[Data extracted from a collection]

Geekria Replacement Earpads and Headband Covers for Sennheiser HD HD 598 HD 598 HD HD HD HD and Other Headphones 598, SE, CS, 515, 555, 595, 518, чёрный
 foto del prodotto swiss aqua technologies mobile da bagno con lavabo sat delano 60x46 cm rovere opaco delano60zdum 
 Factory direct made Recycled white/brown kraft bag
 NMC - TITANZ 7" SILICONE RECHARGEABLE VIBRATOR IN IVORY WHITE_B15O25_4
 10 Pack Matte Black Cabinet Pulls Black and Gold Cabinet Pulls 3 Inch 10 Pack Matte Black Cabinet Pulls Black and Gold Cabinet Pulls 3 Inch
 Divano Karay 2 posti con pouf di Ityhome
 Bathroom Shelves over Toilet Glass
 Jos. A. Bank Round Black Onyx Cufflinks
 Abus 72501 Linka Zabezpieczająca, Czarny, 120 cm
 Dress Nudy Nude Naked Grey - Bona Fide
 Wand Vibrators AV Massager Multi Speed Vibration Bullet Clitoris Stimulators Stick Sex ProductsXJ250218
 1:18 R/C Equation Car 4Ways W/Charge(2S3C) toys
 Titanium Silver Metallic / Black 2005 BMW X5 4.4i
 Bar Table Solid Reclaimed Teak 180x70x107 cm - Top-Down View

## TASK
Go through the records above and return every line that holds the string "Black".

## ANSWER SECTION
 10 Pack Matte Black Cabinet Pulls Black and Gold Cabinet Pulls 3 Inch 10 Pack Matte Black Cabinet Pulls Black and Gold Cabinet Pulls 3 Inch
 Jos. A. Bank Round Black Onyx Cufflinks
 Titanium Silver Metallic / Black 2005 BMW X5 4.4i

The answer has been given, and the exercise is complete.